- WHAT IS REQUIRED
Filter the listing so that only lines with the word "Quality" remain.

- ENTRIES PROVIDED
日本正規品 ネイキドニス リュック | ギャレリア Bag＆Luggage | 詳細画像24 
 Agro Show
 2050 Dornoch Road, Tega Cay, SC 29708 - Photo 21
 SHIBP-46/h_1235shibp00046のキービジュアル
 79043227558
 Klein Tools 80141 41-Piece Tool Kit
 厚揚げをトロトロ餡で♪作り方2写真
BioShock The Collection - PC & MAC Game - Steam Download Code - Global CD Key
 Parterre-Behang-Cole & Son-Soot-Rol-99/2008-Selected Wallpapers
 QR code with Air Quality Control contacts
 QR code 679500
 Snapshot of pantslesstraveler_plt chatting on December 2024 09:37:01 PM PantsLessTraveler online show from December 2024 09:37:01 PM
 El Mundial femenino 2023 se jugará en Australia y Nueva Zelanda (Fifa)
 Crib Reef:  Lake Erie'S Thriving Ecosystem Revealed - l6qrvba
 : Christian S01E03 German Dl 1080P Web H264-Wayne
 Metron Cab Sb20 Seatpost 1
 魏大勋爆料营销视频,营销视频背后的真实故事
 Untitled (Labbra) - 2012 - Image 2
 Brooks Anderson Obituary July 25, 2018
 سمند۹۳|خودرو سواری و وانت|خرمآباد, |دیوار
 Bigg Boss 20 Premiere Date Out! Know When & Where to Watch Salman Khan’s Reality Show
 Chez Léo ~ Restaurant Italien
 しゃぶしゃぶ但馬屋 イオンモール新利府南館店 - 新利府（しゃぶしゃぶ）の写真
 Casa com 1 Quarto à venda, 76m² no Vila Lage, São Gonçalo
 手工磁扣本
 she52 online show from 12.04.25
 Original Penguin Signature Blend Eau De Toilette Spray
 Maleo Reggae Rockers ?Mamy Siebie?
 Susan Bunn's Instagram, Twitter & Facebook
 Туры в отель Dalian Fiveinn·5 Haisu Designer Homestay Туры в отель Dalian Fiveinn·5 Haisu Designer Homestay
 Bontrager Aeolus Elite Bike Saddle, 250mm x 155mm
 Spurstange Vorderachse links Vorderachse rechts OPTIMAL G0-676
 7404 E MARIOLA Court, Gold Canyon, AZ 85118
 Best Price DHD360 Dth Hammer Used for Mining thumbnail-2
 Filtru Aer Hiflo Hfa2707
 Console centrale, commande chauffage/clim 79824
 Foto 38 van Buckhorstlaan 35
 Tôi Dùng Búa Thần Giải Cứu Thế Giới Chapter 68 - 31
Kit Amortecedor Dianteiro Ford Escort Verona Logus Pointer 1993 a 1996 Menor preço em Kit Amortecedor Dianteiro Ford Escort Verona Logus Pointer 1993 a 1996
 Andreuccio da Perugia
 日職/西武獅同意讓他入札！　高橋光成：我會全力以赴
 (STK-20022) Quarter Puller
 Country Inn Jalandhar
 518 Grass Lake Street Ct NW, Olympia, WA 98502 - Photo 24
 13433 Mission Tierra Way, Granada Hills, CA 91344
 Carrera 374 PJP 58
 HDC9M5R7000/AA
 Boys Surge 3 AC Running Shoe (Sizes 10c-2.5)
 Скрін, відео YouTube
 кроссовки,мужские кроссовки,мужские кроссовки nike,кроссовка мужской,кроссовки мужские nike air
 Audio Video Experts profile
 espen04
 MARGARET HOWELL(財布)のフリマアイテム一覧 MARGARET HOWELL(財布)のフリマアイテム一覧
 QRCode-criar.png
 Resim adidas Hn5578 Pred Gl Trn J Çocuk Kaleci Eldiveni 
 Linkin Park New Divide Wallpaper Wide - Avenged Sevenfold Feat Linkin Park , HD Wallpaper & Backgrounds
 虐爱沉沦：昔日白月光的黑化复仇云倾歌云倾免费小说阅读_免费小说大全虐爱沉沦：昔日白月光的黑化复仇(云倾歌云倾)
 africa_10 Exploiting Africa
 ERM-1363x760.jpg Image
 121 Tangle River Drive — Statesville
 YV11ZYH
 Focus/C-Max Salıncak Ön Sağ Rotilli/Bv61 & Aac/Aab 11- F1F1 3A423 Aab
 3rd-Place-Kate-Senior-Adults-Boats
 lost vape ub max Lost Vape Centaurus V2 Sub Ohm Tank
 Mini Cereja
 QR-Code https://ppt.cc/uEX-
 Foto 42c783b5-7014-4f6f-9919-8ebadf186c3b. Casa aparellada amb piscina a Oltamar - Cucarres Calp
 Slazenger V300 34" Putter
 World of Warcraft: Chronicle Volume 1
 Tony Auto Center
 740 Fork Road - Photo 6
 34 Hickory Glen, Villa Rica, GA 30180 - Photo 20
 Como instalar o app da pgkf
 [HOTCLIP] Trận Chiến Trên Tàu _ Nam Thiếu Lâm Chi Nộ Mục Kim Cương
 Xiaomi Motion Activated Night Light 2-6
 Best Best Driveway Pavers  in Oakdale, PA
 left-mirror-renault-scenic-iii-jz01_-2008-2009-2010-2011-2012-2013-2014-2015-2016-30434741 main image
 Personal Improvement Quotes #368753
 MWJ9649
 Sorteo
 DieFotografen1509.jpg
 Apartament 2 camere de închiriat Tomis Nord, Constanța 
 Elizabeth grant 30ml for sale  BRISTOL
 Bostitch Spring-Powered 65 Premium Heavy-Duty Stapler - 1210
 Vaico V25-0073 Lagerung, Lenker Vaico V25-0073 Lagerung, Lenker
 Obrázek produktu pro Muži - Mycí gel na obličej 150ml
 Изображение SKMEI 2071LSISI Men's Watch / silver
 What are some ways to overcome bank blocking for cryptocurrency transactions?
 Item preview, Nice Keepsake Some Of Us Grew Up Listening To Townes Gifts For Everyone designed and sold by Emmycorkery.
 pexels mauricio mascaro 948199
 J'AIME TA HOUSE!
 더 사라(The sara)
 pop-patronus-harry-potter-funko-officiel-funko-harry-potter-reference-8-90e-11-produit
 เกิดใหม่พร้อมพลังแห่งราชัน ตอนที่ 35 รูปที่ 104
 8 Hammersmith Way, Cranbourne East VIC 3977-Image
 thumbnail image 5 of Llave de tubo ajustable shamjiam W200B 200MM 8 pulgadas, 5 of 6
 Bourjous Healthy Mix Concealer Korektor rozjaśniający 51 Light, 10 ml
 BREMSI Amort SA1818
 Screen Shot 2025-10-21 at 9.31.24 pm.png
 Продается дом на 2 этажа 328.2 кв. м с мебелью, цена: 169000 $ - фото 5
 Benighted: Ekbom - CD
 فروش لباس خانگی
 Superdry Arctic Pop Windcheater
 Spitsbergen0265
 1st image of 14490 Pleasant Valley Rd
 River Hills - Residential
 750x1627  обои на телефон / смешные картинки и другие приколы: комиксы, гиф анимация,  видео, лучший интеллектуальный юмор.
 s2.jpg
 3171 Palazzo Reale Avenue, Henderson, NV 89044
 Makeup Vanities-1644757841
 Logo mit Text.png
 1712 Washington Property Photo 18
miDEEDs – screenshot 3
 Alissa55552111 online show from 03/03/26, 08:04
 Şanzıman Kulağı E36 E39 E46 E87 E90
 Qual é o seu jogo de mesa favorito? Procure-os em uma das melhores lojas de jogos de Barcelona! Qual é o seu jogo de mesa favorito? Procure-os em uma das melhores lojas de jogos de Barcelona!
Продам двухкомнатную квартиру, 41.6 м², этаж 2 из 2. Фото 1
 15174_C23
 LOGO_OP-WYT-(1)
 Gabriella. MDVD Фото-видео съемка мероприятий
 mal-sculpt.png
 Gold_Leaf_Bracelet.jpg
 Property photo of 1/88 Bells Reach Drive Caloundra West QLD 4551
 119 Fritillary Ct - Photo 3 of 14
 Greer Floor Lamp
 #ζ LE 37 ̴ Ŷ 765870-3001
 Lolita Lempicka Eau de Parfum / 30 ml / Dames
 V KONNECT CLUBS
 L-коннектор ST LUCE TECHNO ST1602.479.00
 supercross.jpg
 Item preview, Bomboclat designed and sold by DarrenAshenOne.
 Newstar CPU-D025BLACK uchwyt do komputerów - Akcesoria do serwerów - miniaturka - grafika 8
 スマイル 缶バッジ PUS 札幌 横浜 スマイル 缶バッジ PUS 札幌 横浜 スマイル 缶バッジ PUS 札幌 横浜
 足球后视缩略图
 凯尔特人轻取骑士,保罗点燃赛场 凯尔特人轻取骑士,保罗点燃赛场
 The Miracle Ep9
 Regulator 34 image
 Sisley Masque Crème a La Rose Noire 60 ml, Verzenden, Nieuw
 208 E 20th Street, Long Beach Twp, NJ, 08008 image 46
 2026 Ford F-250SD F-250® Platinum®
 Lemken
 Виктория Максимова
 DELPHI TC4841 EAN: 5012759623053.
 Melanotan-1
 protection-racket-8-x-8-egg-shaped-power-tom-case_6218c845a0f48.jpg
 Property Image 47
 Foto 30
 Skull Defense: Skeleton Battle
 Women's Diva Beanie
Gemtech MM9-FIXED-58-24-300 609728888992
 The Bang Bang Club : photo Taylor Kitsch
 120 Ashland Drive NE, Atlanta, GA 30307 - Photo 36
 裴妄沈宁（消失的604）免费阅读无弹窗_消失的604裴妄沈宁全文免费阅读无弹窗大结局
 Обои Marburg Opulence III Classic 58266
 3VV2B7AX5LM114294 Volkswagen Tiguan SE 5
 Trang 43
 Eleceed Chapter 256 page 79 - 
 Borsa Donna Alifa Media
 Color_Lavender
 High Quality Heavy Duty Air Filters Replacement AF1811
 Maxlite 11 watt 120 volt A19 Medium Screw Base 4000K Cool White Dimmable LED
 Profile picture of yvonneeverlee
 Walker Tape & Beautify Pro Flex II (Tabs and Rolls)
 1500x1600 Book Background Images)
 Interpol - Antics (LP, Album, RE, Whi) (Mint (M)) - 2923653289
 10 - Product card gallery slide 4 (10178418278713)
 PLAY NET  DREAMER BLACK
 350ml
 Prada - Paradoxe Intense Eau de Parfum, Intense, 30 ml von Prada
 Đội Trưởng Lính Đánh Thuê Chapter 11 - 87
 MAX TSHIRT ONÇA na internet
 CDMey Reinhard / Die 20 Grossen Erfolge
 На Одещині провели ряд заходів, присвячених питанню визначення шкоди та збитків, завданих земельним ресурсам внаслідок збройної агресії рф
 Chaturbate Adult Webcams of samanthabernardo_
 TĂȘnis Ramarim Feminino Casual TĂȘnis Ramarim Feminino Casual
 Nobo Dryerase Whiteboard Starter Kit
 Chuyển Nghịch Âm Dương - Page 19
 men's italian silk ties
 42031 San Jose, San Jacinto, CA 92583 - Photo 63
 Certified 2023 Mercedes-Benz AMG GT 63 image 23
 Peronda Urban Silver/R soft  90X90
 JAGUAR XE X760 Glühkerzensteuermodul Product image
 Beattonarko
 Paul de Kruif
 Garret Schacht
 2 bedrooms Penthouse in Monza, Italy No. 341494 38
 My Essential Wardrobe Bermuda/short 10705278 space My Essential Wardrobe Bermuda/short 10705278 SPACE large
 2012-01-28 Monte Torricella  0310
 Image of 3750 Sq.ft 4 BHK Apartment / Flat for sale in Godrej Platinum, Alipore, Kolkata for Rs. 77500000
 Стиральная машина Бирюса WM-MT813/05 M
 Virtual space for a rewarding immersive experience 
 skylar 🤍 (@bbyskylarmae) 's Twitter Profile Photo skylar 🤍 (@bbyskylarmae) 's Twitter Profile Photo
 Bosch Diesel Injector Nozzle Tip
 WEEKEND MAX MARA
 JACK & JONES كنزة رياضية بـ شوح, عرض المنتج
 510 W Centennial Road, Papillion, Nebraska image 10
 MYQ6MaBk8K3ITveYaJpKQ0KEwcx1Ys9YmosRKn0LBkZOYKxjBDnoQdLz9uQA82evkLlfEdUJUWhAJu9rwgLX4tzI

- WORKED SOLUTION
 QR code with Air Quality Control contacts
 High Quality Heavy Duty Air Filters Replacement AF1811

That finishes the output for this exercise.